_Input for this task_.
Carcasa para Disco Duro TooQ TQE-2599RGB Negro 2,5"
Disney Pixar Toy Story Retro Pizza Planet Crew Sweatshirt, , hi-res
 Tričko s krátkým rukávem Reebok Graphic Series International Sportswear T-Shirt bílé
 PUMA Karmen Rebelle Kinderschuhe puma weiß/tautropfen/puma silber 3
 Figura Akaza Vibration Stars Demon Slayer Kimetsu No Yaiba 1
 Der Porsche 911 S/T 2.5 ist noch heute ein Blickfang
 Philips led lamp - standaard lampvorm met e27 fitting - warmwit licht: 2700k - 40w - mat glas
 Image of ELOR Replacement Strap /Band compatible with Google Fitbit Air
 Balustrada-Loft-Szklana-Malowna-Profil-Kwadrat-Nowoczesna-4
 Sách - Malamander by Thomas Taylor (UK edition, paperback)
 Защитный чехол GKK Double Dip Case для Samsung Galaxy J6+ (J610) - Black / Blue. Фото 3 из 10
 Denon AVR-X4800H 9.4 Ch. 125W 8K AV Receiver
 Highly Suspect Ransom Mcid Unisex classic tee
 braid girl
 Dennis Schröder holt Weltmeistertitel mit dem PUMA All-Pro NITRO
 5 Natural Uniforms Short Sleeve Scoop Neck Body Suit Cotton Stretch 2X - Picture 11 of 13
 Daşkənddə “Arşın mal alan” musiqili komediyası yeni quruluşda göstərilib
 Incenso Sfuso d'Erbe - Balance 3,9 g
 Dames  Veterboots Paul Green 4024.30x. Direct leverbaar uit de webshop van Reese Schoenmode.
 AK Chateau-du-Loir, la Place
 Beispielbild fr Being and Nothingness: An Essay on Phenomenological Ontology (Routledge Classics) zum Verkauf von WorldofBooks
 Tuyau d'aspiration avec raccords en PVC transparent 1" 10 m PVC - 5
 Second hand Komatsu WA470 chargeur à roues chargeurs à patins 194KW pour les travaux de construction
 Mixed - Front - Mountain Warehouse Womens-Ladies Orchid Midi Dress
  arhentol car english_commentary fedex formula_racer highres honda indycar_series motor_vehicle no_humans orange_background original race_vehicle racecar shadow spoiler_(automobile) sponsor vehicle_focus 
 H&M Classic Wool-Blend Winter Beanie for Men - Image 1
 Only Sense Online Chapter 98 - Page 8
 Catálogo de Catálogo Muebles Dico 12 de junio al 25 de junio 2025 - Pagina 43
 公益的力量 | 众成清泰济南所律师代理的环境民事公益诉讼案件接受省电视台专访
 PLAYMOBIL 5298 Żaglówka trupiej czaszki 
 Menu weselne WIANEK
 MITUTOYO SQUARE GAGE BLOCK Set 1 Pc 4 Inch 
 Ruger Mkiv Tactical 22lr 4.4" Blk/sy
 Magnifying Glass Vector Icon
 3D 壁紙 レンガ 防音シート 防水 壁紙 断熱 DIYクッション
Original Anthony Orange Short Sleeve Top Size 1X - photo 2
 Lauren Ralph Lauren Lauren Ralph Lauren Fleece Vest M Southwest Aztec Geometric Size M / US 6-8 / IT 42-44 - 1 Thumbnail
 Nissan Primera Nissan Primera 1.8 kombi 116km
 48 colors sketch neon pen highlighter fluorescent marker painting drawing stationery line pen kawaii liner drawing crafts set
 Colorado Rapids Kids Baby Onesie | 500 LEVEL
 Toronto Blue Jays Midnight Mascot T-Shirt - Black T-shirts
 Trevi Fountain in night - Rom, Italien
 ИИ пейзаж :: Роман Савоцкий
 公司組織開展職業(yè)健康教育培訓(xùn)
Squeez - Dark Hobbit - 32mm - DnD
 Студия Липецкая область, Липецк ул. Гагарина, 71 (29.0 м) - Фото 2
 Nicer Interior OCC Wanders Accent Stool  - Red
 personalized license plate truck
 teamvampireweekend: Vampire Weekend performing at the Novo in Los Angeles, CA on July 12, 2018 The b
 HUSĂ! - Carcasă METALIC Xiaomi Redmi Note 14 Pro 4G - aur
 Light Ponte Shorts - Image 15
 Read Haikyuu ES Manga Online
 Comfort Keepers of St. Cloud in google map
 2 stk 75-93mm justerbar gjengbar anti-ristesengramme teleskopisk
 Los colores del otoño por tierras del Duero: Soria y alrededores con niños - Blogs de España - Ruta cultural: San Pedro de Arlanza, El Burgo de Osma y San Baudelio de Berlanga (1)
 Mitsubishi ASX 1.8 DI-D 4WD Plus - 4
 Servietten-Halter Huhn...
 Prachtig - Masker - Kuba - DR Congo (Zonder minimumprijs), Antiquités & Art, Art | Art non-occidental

_Directions for this task_.
Your answer must be the lines above from the one containing "Disney Pixar Toy" to the one containing "Beispielbild fr Being", both included, restated word for word.

_Answer space_.
Disney Pixar Toy Story Retro Pizza Planet Crew Sweatshirt, , hi-res
 Tričko s krátkým rukávem Reebok Graphic Series International Sportswear T-Shirt bílé
 PUMA Karmen Rebelle Kinderschuhe puma weiß/tautropfen/puma silber 3
 Figura Akaza Vibration Stars Demon Slayer Kimetsu No Yaiba 1
 Der Porsche 911 S/T 2.5 ist noch heute ein Blickfang
 Philips led lamp - standaard lampvorm met e27 fitting - warmwit licht: 2700k - 40w - mat glas
 Image of ELOR Replacement Strap /Band compatible with Google Fitbit Air
 Balustrada-Loft-Szklana-Malowna-Profil-Kwadrat-Nowoczesna-4
 Sách - Malamander by Thomas Taylor (UK edition, paperback)
 Защитный чехол GKK Double Dip Case для Samsung Galaxy J6+ (J610) - Black / Blue. Фото 3 из 10
 Denon AVR-X4800H 9.4 Ch. 125W 8K AV Receiver
 Highly Suspect Ransom Mcid Unisex classic tee
 braid girl
 Dennis Schröder holt Weltmeistertitel mit dem PUMA All-Pro NITRO
 5 Natural Uniforms Short Sleeve Scoop Neck Body Suit Cotton Stretch 2X - Picture 11 of 13
 Daşkənddə “Arşın mal alan” musiqili komediyası yeni quruluşda göstərilib
 Incenso Sfuso d'Erbe - Balance 3,9 g
 Dames  Veterboots Paul Green 4024.30x. Direct leverbaar uit de webshop van Reese Schoenmode.
 AK Chateau-du-Loir, la Place
 Beispielbild fr Being and Nothingness: An Essay on Phenomenological Ontology (Routledge Classics) zum Verkauf von WorldofBooks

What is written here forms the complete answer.